Cada madrugada, cuando el cielo aún es oscuro sobre las montañas que rodean la Ciudad de Guatemala, un grupo de mujeres de una comunidad indígena rural camina hacia el colegio de sus hijos. Llegan antes de que amanezca, cruzando el tramo donde termina el asfalto, para encender la cocina de leña —porque ellas mismas decidieron que no querían hornillo— y comenzar a preparar lo que será, para muchos niños, la única comida del día. Siguen el menú propuesto por el Gobierno, sí, pero lo hacen al ritmo de sus tradiciones y de sus recetas: con paciencia, con fuego lento, con el saber heredado que sostiene la vida.
No son mujeres que aparezcan en grandes titulares ni que simbolicen la narrativa clásica del “éxito”: no han roto techos de cristal, no dirigen empresas, no tienen diplomas colgados en la pared. Pero son indispensables. Lideresas silenciosas que nutren su comunidad en todos los sentidos, que sostienen desde el amor los logros y los desafíos cotidianos. Mujeres a las que se les han negado algunos derechos básicos, pero que aun así son profundamente dignas de ser nombradas, reconocidas y celebradas. Precisamente porque su aportación —los cuidados, la alimentación, la transmisión de cultura— es troncal para la vida humana, aunque el sistema nos haga creer que solo es valioso aquello que produce prestigio o rentabilidad.

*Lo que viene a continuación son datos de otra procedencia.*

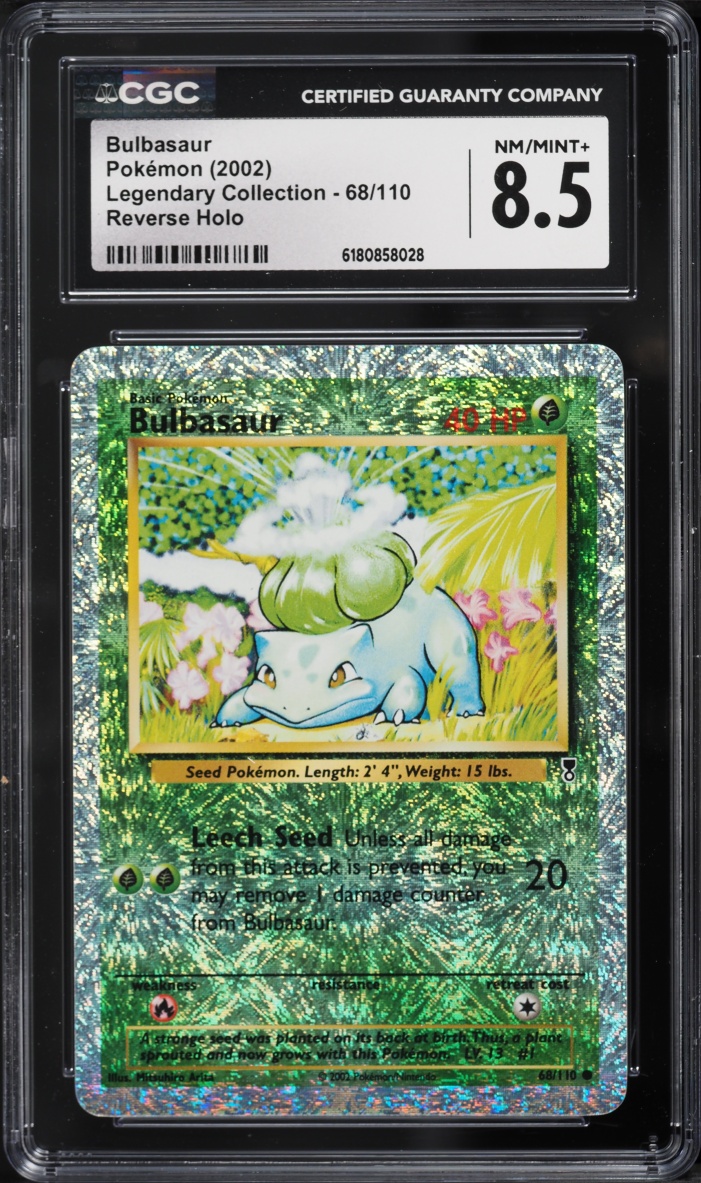 2002 Pokemon Legendary Collection Reverse Holo Bulbasaur #68 CGC 8.5 NM-MT+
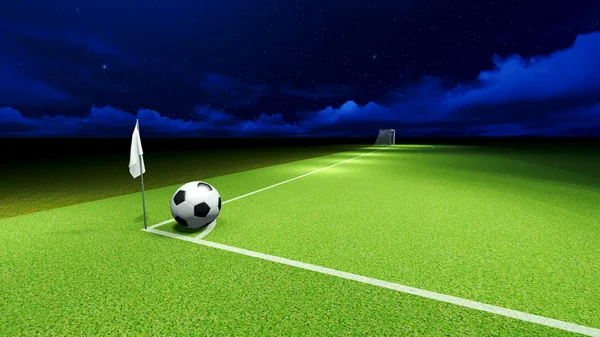 Pallone da calcio e gol — Foto Stock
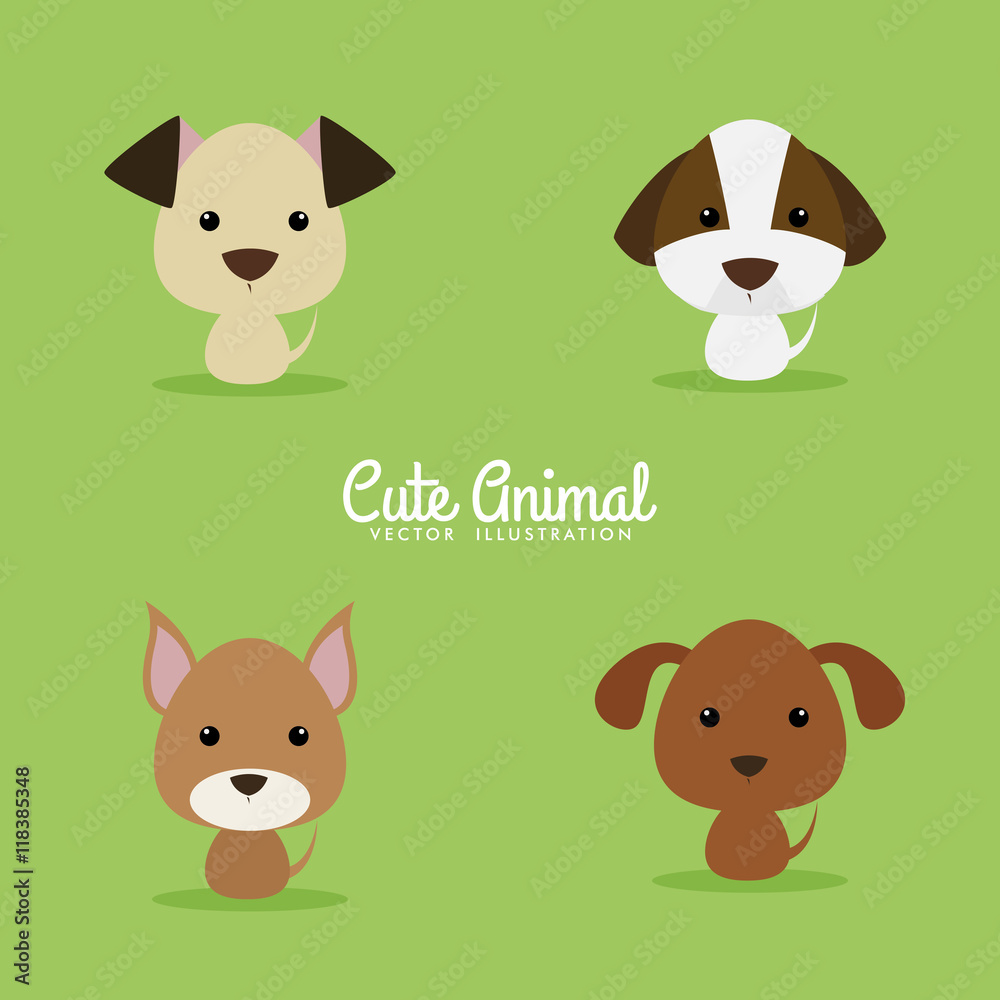 Fototapeta premium Cute Cartoon dogs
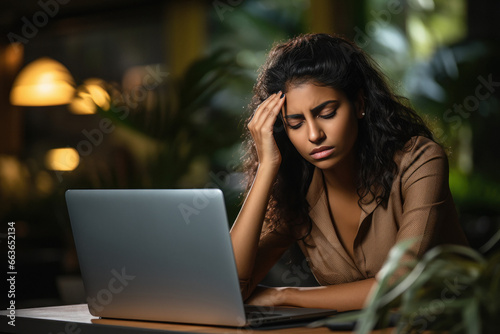 Woman getting headache while using laptop © PRASANNAPIX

En un 8M, estas historias también deben tener espacio. Porque transformar el mundo pasa por transformar lo que consideramos aspiracional. Y los cuidados, lejos de ser “cosas de mujeres”, son la base de cualquier sociedad que quiera ser justa. Que estos trabajos tengan valor en nuestro relato colectivo es clave para que cambie el modo en que entendemos el éxito: no como un título o un cargo, sino como la capacidad real de elegir cómo queremos estar en el mundo.
Celebremos hoy que mujeres de todos los contextos seguimos reivindicando igualdad de derechos y libertades, sin techos impuestos por gobiernos o sociedades, pero también nuestra diferencia: nuestra manera particular de aportar, de liderar, de sanar, de organizar, de tejer comunidad. Qué privilegio el nuestro de sabernos mujeres: cuidadoras sin imposición, amorosas sin explotación, pacificadoras sin silencios forzados, llamadas a aportar al mundo desde el modo en que Dios nos ha hecho.
Queda todavía mucho por defender en tantos lugares del mundo. Queda terreno por conquistar, derechos por asegurar y violencias por denunciar. Sigamos contando todas las historias —también las sencillas, también las escondidas— de ese 52% de la humanidad llamado mujeres.